WHAT YOU ARE ASKED TO DO =>
With pictures left out, output exactly the lines from the line holding "квартира по адресу Ревуцкого ул., 40-Б" through the end of the data, both included.

***** COLLECTED DATA *****

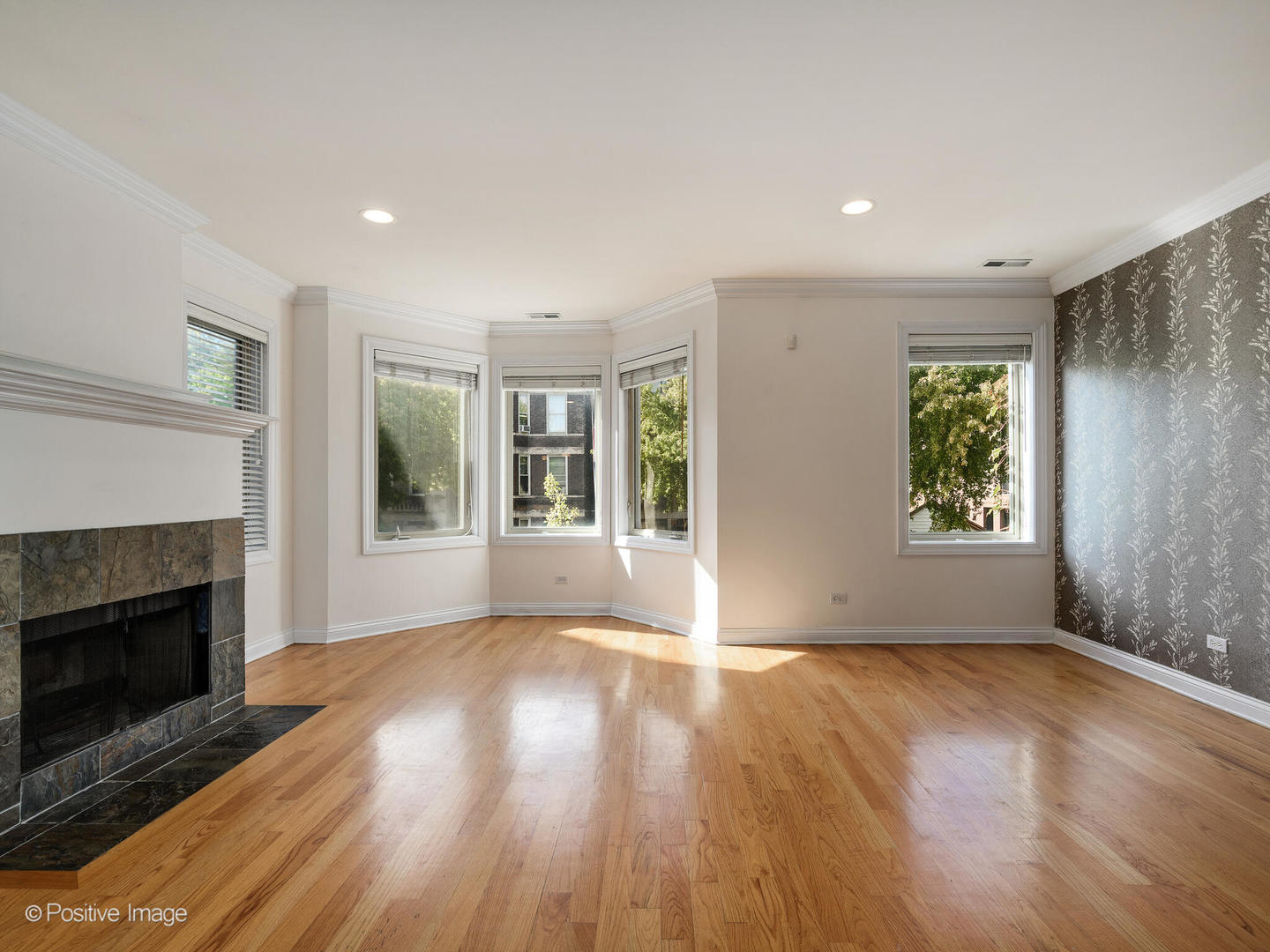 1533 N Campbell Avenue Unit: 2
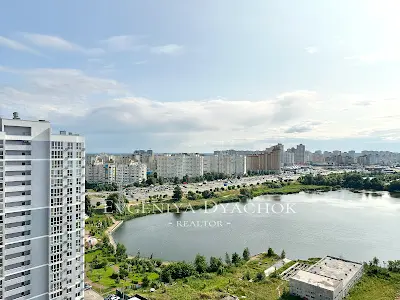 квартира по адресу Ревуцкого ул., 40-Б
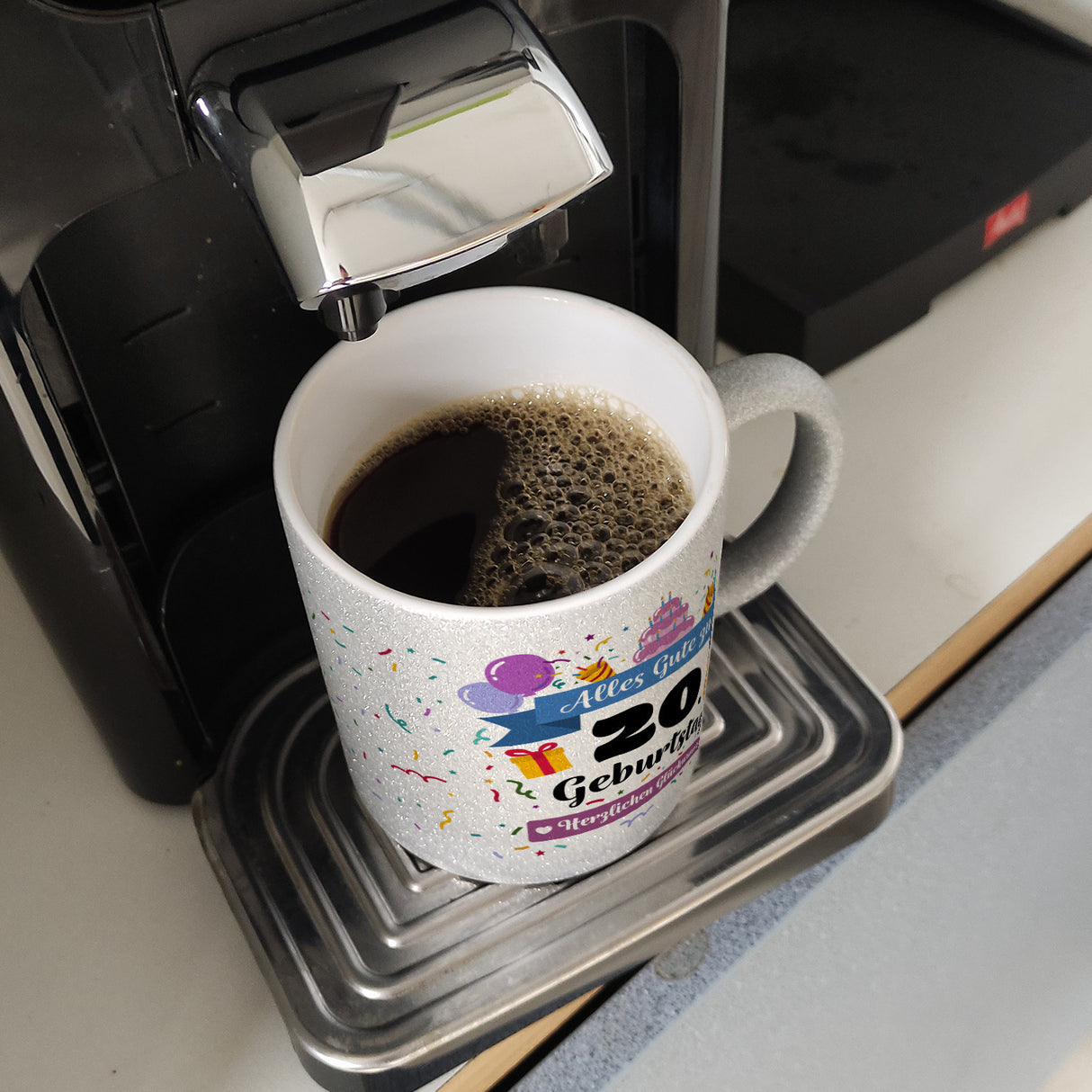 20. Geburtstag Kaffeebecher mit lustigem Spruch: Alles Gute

*****

EXERCISE OUTPUT =>
 квартира по адресу Ревуцкого ул., 40-Б
 20. Geburtstag Kaffeebecher mit lustigem Spruch: Alles Gute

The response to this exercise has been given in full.